Estranhar que, por enquanto, pelo menos por enquanto, tudo vai indo bem. Não houve nenhuma catástrofe da natureza criando novos corpos e derrubando sonhos. Outra guerra sem motivo não foi declarada e até aconteceu algum cessar-fogo por aí. Seria tão bom que não houvesse mais um escândalo recente na política do meu país, que continuassem os procedimentos legais com os desonestos que já temos (e não são poucos).
Estranhar que a fome diminuiu, a doença acabou dando um tempo, que os agentes funerários acabaram tendo um dia de folga porque a violência não lhes desse alguma freguês pelo dia de hoje. Que foi decretado em caráter irrevogável que todos os dias serão carnavais dependendo só da alegria dos foliões. Que as carpideiras coletivamente estavam se aposentando por falta de serviço e que os mentirosos acabaram passando para o lado da verdade. Eu sei que são absurdos, mas eu queria tanto...
Outra coisa, gostaria de olhar na frente do espelho sem o medo que sinto todos os dias. Perceber que não há mais uma nova ruga pra me lamentar, que ando algum sorriso sem ao menos perceber.

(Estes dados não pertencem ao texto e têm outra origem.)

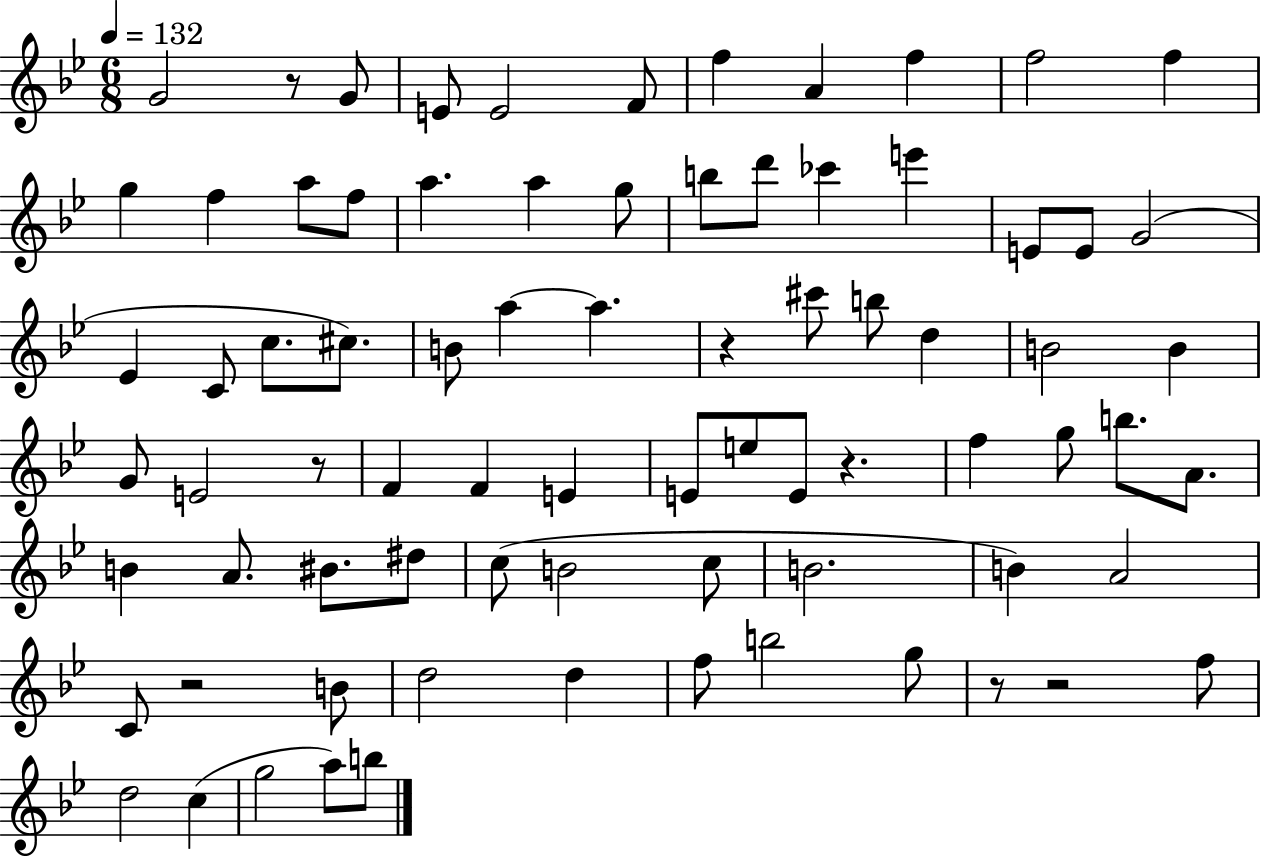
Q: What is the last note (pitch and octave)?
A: B5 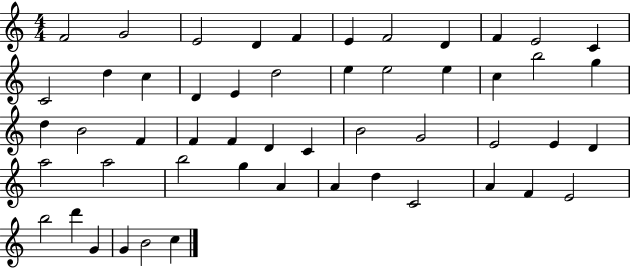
X:1
T:Untitled
M:4/4
L:1/4
K:C
F2 G2 E2 D F E F2 D F E2 C C2 d c D E d2 e e2 e c b2 g d B2 F F F D C B2 G2 E2 E D a2 a2 b2 g A A d C2 A F E2 b2 d' G G B2 c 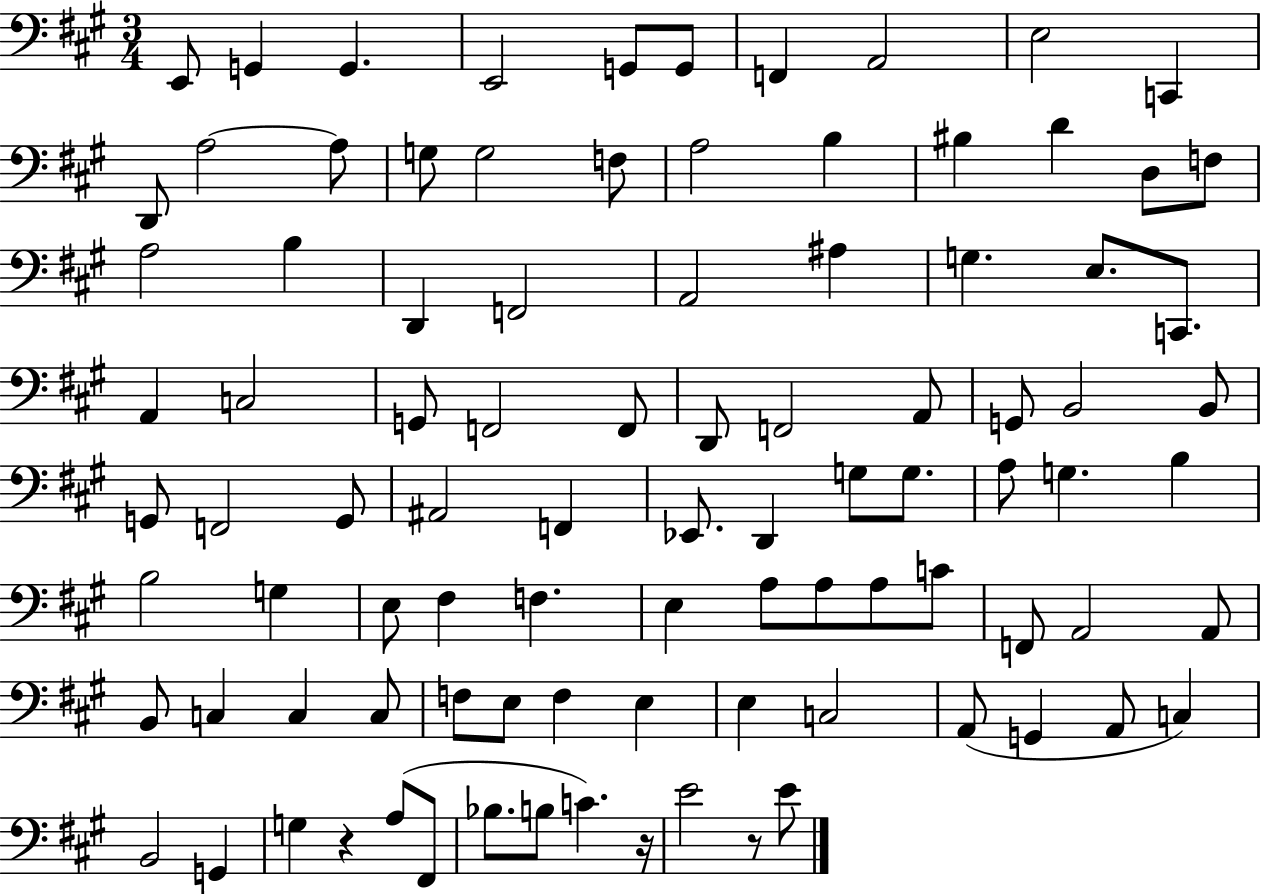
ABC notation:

X:1
T:Untitled
M:3/4
L:1/4
K:A
E,,/2 G,, G,, E,,2 G,,/2 G,,/2 F,, A,,2 E,2 C,, D,,/2 A,2 A,/2 G,/2 G,2 F,/2 A,2 B, ^B, D D,/2 F,/2 A,2 B, D,, F,,2 A,,2 ^A, G, E,/2 C,,/2 A,, C,2 G,,/2 F,,2 F,,/2 D,,/2 F,,2 A,,/2 G,,/2 B,,2 B,,/2 G,,/2 F,,2 G,,/2 ^A,,2 F,, _E,,/2 D,, G,/2 G,/2 A,/2 G, B, B,2 G, E,/2 ^F, F, E, A,/2 A,/2 A,/2 C/2 F,,/2 A,,2 A,,/2 B,,/2 C, C, C,/2 F,/2 E,/2 F, E, E, C,2 A,,/2 G,, A,,/2 C, B,,2 G,, G, z A,/2 ^F,,/2 _B,/2 B,/2 C z/4 E2 z/2 E/2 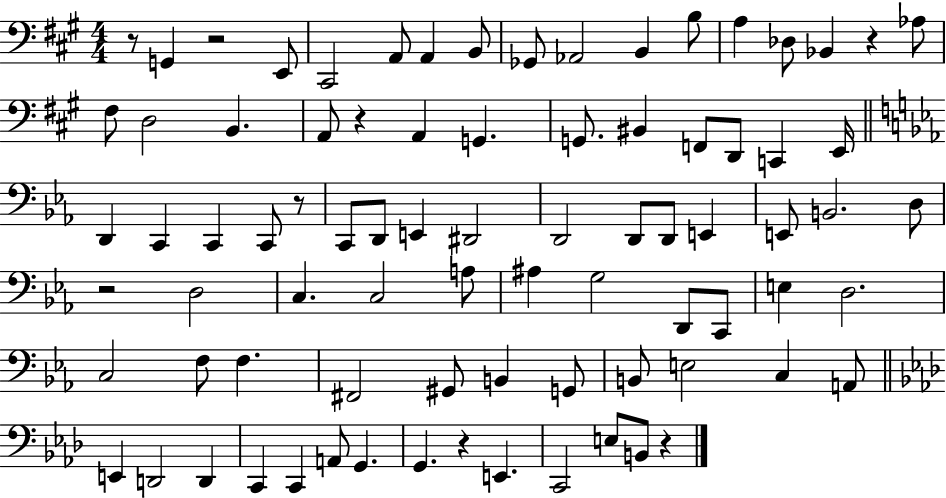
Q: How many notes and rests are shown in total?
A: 82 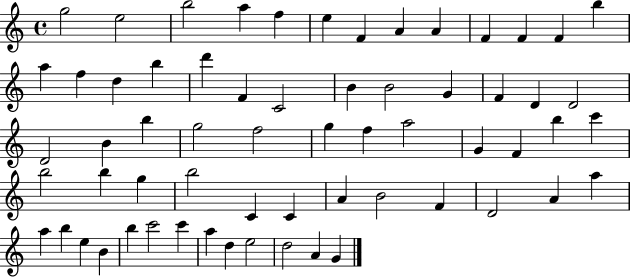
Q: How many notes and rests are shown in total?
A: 63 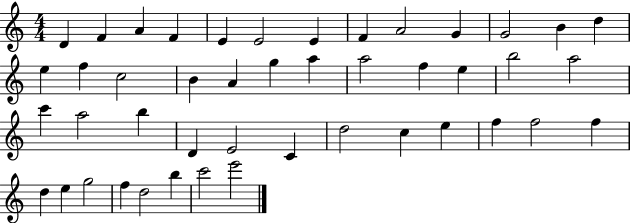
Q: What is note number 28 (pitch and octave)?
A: B5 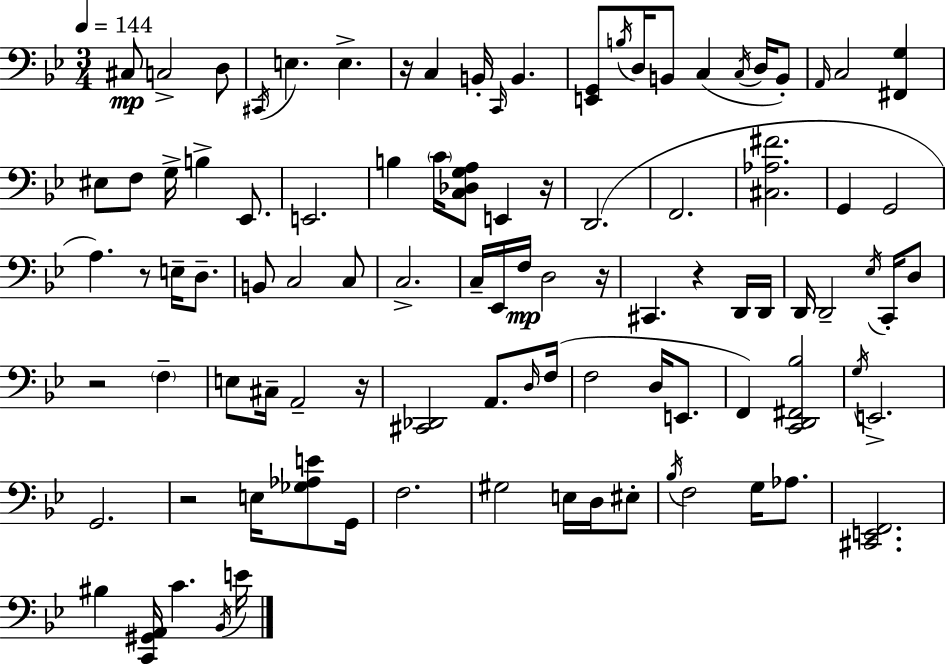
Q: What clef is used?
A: bass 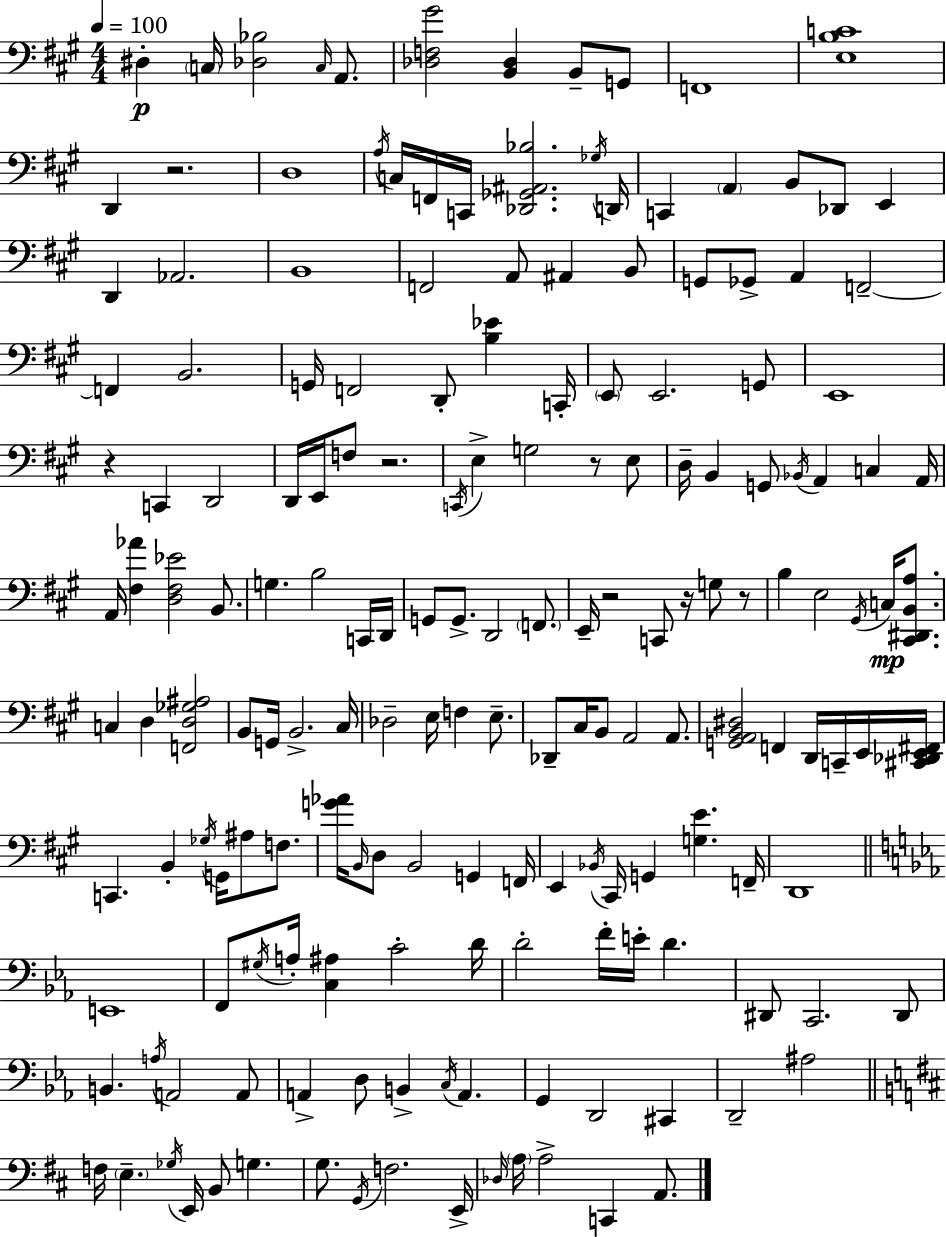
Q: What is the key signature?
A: A major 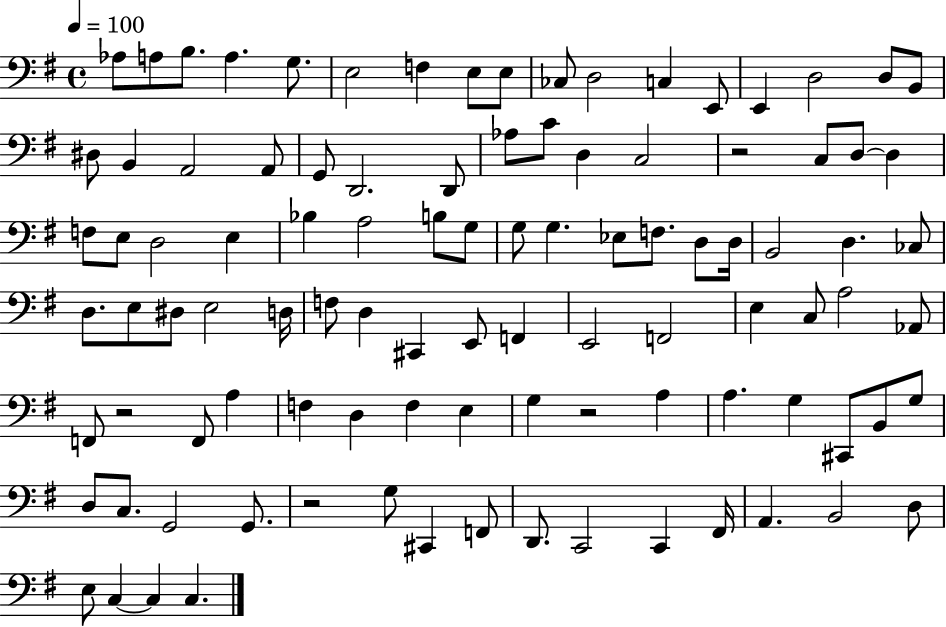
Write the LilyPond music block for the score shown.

{
  \clef bass
  \time 4/4
  \defaultTimeSignature
  \key g \major
  \tempo 4 = 100
  aes8 a8 b8. a4. g8. | e2 f4 e8 e8 | ces8 d2 c4 e,8 | e,4 d2 d8 b,8 | \break dis8 b,4 a,2 a,8 | g,8 d,2. d,8 | aes8 c'8 d4 c2 | r2 c8 d8~~ d4 | \break f8 e8 d2 e4 | bes4 a2 b8 g8 | g8 g4. ees8 f8. d8 d16 | b,2 d4. ces8 | \break d8. e8 dis8 e2 d16 | f8 d4 cis,4 e,8 f,4 | e,2 f,2 | e4 c8 a2 aes,8 | \break f,8 r2 f,8 a4 | f4 d4 f4 e4 | g4 r2 a4 | a4. g4 cis,8 b,8 g8 | \break d8 c8. g,2 g,8. | r2 g8 cis,4 f,8 | d,8. c,2 c,4 fis,16 | a,4. b,2 d8 | \break e8 c4~~ c4 c4. | \bar "|."
} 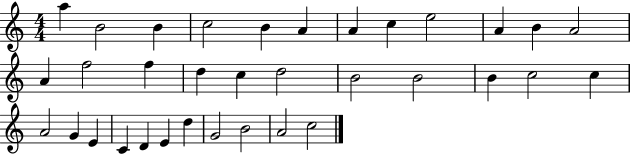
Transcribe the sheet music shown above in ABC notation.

X:1
T:Untitled
M:4/4
L:1/4
K:C
a B2 B c2 B A A c e2 A B A2 A f2 f d c d2 B2 B2 B c2 c A2 G E C D E d G2 B2 A2 c2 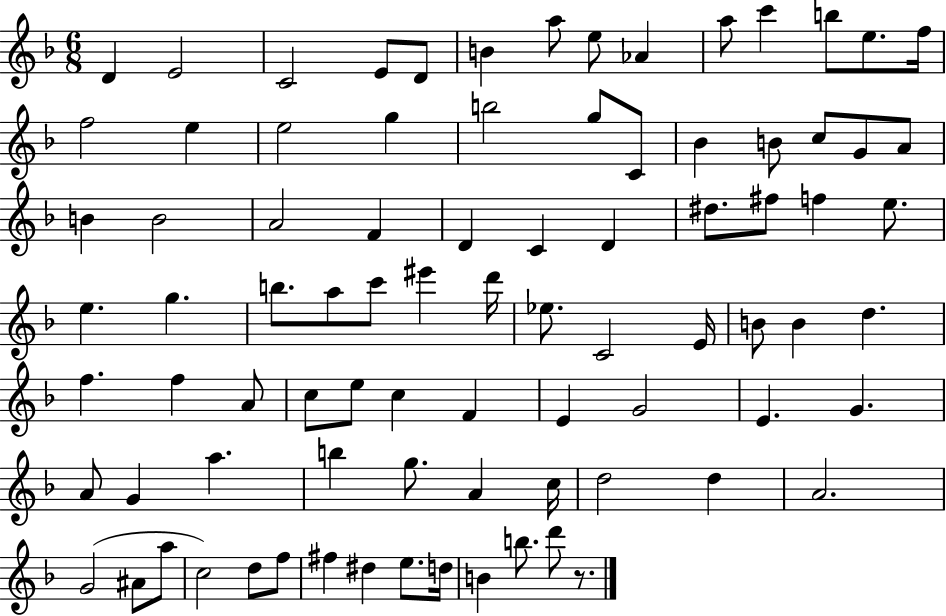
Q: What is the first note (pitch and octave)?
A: D4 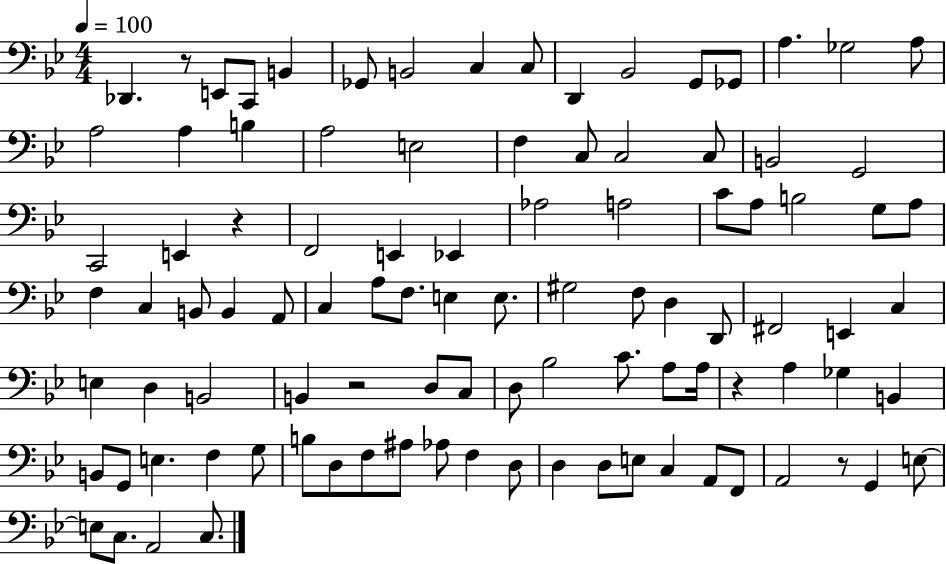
Db2/q. R/e E2/e C2/e B2/q Gb2/e B2/h C3/q C3/e D2/q Bb2/h G2/e Gb2/e A3/q. Gb3/h A3/e A3/h A3/q B3/q A3/h E3/h F3/q C3/e C3/h C3/e B2/h G2/h C2/h E2/q R/q F2/h E2/q Eb2/q Ab3/h A3/h C4/e A3/e B3/h G3/e A3/e F3/q C3/q B2/e B2/q A2/e C3/q A3/e F3/e. E3/q E3/e. G#3/h F3/e D3/q D2/e F#2/h E2/q C3/q E3/q D3/q B2/h B2/q R/h D3/e C3/e D3/e Bb3/h C4/e. A3/e A3/s R/q A3/q Gb3/q B2/q B2/e G2/e E3/q. F3/q G3/e B3/e D3/e F3/e A#3/e Ab3/e F3/q D3/e D3/q D3/e E3/e C3/q A2/e F2/e A2/h R/e G2/q E3/e E3/e C3/e. A2/h C3/e. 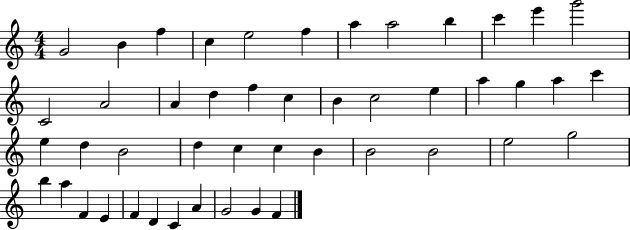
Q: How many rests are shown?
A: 0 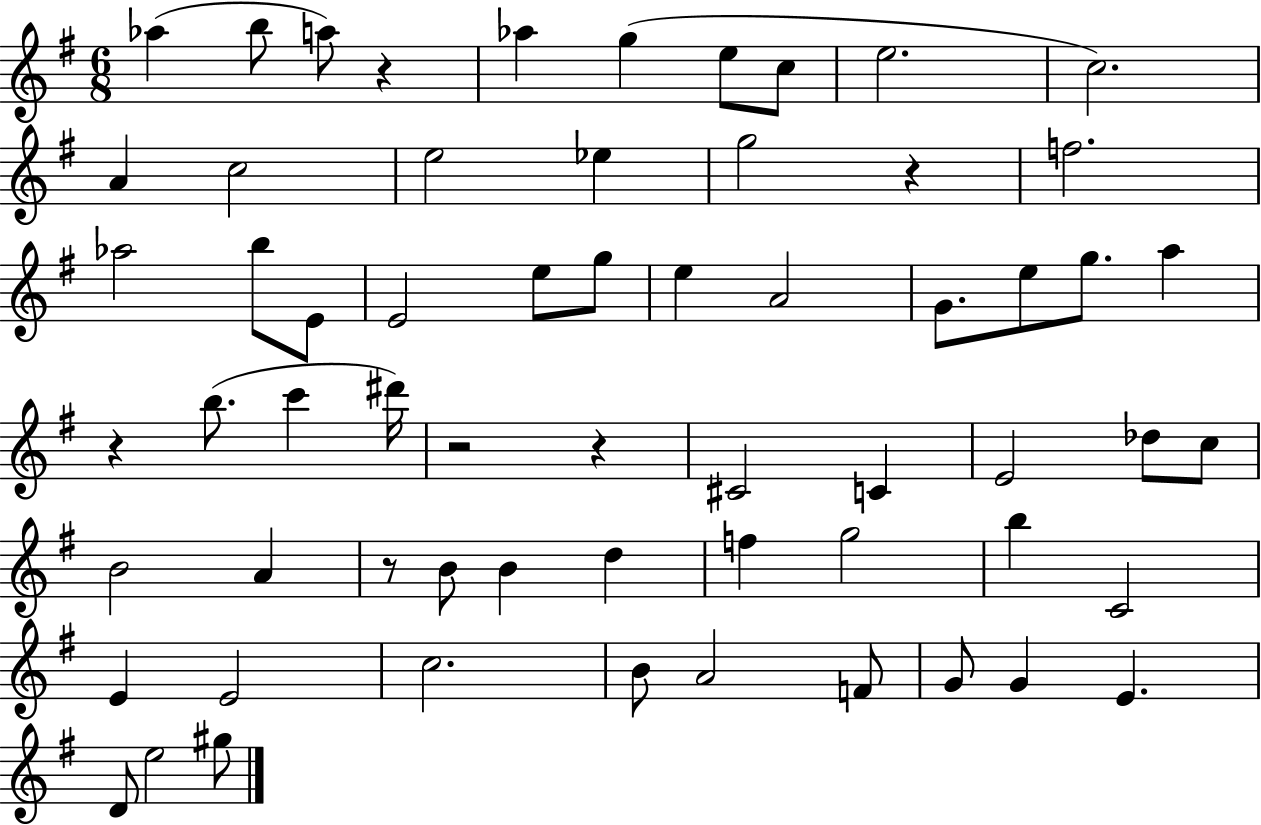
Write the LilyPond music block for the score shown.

Gostaria também de sentir falta do meu medo, desse medo teimoso que me faz andar pela rua olhando para todos os lados, com medo de ser roubado, com receio de ser criticado pelo que fiz e muito mais pelo que deixei de fazer. Pode cumprimentar um estranho e ele não me olhar de cara feia, afinal nem sei de seus problemas para tentar ser solidário como quase sempre não sou...
E o que mais, maninho?
Queria acreditar que o que acreditei sempre é digno de crédito, olhar novamente para um canto desarrumado do meu quarto e descobrir que muitas coisas que perdi, por um milagre qualquer, estão lá! Meus brinquedos perdidos, as histórias que não pude acabar de contar, o riso que não dei, os beijos que me negaram e os sins que não vieram porque nem mesmo perguntei...
A maldade acabou! Veja só como seria tão bom, maninho querido...
Outra coisa bem legal, meu querido. Se os tolos reconhecessem sua tolice e as pessoas deixassem de ser perseguidas porque são como são, pelo que acreditam, pelo que têm, pelo que amam. Vida e morte sendo reconhecidas, finalmente, como os dois caminhos que o destino tem para nos oferecer...
Passarinhos caprichando mais seus cantos porque estão livres das gaiolas, cachorros latindo com mais satisfação, gatos dormindo com mais preguiça sobre os muros e os telhados, as praças com mais crianças do que o habitual, o mar não servindo mais de lixeira, as flores recebendo as abelhas para seu rotineiro milagre, as árvores efetuando seu grandioso papel...
São essas coisas, maninho, coisas simples e que, por serem simples, são recusadas pelos seres mais idiotas que existem neste planeta - nós. Coisas que no final não dariam grana, para honra aos capitalistas e glória aos burgueses.
São essas coisas, maninho, apenas das muitas que eu queria ter e ver. Agora que eu te falei, deixa eu deitar, virar para o canto da parede e chorar...

(Extraído do livro "Eu Não Disse Que Era Poeira?" de autoria de Carlinhos de Almeida).